Ordinanza Corte di Cassazione 22 giugno 2018, n. 28862

Acque - Reflui dei frantoi oleari - Spandimento sul terreno fuori dai casi previsti - Articolo 137, comma 14, Dlgs 152/2006 - Configurabilità del reato - Terreno colpito da abbondanti piogge - Obbligo del proprietario del frantoio di evitare il surplus di acque di vegetazione - Sussistenza - Mancata ottemperanza del proprietario - Responsabilità penale - Sussistenza

Le piogge abbondanti obbligano il proprietario del terreno ad attivarsi per evitare lo spandimento dei reflui oleari non autorizzato, altrimenti incorrendo nel reato dell'articolo 137, comma 14, Dlgs 152/2006.
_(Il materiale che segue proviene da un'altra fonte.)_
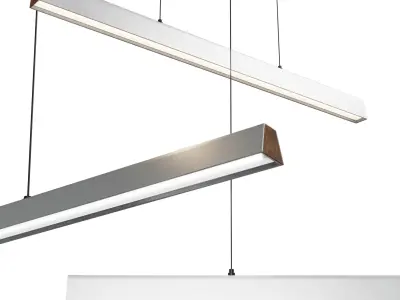 Blackjack Lighting Flair Kitchen Island Linear LED Pendant Low-poly 3D model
La Cassazione (ordinanza 22 giugno 2016, n. 28862), ha rigettato le doglianze del titolare di un frantoio in Toscana condannato per l'utilizzo agronomico delle acque dei frantoi fuori dei casi previsti (articolo 137, comma 14, Dlgs 152/2006), il quale ribatteva che il ruscellamento dei reflui del frantoio era dipeso dall'eccezionale piovosità stagionale.
Per la Suprema Corte, proprio le abbondanti piogge che sono cadute ben prima del verificarsi dell'evento avrebbero dovuto spingere il proprietario del frantoio ad attivarsi per evitare l'evento di spandimento dei reflui smaltendo l'accumulo idro-agricolo tramite modalità alternative, quali lo stoccaggio temporaneo ovvero inviando il surplus di acque di vegetazione in aziende agricole diverse. Irrilevante il fatto che l'azienda fosse autorizzata allo spandimento delle acque di lavorazione del frantoio, dato che l'autorizzazione era allo spandimento sul terreno secco, idoneo ad assumere i valori nutrizionali, non certo allo spandimento in un terreno impregnato dalle abbondanti piogge, inidoneo ad assorbire i reflui.